»»

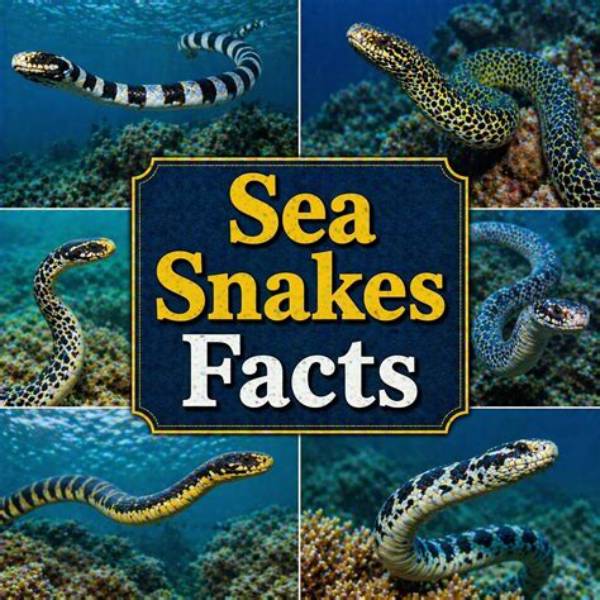 Why Are Sea Snakes Not Aggressive?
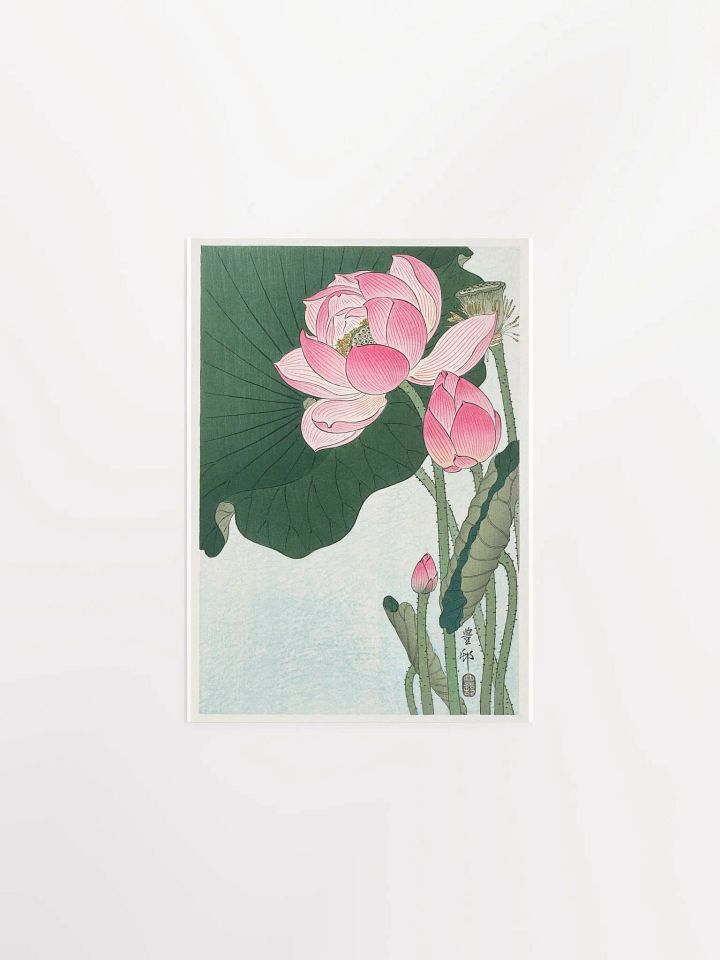Blooming Lotus Flowers by Ohara Koson product image (1)
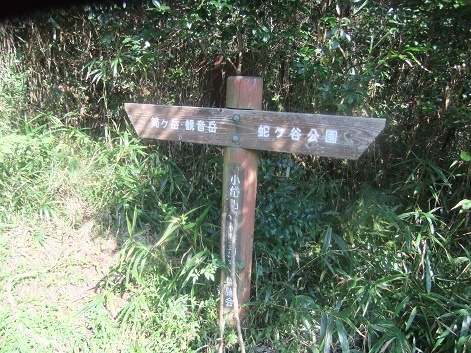 e0048994_17383178.jpg
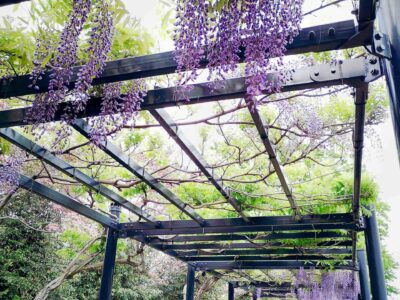 Garden pergola services Kent
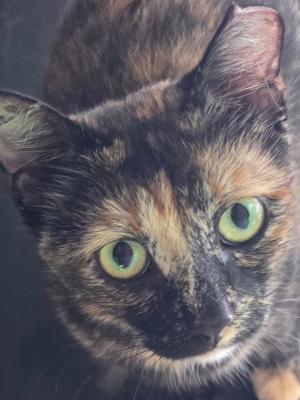 Mona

««

- [Problem details]: Retype the data exactly; images stay out.

- [Response to this exercise]:
 Why Are Sea Snakes Not Aggressive?
Blooming Lotus Flowers by Ohara Koson product image (1)
 e0048994_17383178.jpg
 Garden pergola services Kent
 Mona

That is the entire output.